Visit [the docs](https://docs.voxel51.com/api/fiftyone.core.dataset.html#fiftyone.core.dataset.Dataset.apply_model) for more detail on the `apply_model` function.

In [None]:
def run_inference_on_eval_set(eval_dataset, best_model):
    """
    Run inference on the evaluation set using the best trained model.

    Args:
        eval_dataset (fiftyone.core.dataset.Dataset): The evaluation dataset.
        best_model (YOLO): The best trained YOLO model.

    Returns:
        The dataset eval_dataset with predictions
    """
    eval_dataset.apply_model(best_model, label_field="predictions")
    eval_dataset.save()
    return eval_dataset

You can read more about the `evaluate_detections` method [in the docs](https://docs.voxel51.com/api/fiftyone.core.dataset.html#fiftyone.core.dataset.Dataset.evaluate_detections), and check out [this tutorial](https://docs.voxel51.com/tutorials/evaluate_detections.html) for a different perspective on evaluations.

In [None]:
def eval_model(dataset_to_evaluate):
    """
    Evaluate the model on the evaluation dataset.

    Args:
        dataset_to_evaluate (fiftyone.core.dataset.Dataset): The evaluation dataset.

    Returns:
        the mean average precision (mAP) of the model on the evaluation dataset.
    """
    current_datetime = datetime.now().strftime("%Y%m%d_%H%M%S")

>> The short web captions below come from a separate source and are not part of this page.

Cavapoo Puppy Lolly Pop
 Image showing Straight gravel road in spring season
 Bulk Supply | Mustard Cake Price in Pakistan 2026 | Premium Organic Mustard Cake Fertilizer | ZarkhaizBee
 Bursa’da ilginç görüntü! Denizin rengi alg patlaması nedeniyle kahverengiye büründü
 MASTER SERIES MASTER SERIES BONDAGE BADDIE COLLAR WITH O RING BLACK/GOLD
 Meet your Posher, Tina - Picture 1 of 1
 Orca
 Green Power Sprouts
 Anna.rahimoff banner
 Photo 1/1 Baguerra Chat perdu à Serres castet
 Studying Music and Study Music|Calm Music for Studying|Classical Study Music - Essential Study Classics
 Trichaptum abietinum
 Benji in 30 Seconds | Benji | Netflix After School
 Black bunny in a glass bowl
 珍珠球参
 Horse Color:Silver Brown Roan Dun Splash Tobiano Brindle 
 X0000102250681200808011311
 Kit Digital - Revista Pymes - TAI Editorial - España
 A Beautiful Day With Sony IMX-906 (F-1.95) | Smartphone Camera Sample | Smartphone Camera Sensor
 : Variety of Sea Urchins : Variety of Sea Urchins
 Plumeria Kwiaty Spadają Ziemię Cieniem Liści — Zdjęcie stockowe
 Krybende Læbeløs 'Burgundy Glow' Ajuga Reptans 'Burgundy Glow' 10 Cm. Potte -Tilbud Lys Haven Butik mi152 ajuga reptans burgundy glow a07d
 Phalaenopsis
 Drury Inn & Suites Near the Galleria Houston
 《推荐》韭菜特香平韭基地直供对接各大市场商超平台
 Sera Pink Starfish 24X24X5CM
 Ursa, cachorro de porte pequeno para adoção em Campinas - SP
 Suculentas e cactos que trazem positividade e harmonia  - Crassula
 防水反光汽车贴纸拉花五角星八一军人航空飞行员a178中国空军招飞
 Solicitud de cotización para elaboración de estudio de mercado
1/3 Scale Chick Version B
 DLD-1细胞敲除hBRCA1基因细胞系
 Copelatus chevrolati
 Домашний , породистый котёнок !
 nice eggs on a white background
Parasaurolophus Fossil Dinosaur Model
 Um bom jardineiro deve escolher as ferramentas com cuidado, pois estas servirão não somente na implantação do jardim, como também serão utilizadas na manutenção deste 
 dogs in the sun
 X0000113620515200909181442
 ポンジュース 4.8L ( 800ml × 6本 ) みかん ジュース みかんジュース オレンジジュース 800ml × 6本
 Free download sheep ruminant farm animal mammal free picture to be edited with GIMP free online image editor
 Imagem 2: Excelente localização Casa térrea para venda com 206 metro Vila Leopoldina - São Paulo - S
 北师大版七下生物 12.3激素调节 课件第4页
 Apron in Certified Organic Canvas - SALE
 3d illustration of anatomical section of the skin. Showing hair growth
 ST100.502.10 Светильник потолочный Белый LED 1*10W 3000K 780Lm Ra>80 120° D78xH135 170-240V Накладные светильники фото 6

    detection_results = dataset_to_evaluate.evaluate_detections(
        gt_field="ground_truth",  
        pred_field="predictions",
        eval_key=f"evalrun_{current_datetime}",
        compute_mAP=True,
        )

    return detection_results

In [3]:
def run(train_dataset, test_dataset, training_config):
    """
    Main function to run the entire training and evaluation process.

    Returns:
        None
    """

    best_trained_model = train_model(training_dataset=train_dataset, training_config=training_config)
    
    model_predictions = run_inference_on_eval_set(eval_dataset=test_dataset, best_model=best_trained_model)
    
    model_results = eval_model(dataset_to_evaluate=model_predictions)

    return model_results